◆ **TASK INPUT**
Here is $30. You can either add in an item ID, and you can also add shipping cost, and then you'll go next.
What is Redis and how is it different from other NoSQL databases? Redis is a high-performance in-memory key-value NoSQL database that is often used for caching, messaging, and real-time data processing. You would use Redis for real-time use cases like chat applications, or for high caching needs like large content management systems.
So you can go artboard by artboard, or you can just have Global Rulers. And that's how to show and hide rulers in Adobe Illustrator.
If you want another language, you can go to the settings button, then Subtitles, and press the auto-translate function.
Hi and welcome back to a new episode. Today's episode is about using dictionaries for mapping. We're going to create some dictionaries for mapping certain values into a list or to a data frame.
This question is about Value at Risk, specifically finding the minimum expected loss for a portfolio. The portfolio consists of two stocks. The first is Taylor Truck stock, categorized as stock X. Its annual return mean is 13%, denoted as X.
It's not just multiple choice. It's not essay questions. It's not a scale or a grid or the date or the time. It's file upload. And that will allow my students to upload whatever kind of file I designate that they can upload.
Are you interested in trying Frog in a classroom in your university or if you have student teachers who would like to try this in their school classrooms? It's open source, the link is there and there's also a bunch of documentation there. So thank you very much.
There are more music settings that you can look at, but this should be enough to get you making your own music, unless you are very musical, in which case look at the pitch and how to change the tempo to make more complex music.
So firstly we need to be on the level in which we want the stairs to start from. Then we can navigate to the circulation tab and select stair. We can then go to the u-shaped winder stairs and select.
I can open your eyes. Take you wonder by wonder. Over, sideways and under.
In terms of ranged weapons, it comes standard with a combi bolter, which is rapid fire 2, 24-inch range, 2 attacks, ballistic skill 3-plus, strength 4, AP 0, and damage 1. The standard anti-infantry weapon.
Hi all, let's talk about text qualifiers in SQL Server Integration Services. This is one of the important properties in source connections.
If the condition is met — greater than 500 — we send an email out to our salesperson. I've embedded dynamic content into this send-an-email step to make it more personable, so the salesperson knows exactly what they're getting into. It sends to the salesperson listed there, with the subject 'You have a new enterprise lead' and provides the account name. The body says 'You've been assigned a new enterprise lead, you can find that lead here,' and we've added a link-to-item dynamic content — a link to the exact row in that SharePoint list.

◆ **ACTIVITY**
Which of the lines above mention the word "then"? Pull those lines out.

◆ **EXERCISE SOLUTION**
Here is $30. You can either add in an item ID, and you can also add shipping cost, and then you'll go next.
If you want another language, you can go to the settings button, then Subtitles, and press the auto-translate function.
So firstly we need to be on the level in which we want the stairs to start from. Then we can navigate to the circulation tab and select stair. We can then go to the u-shaped winder stairs and select.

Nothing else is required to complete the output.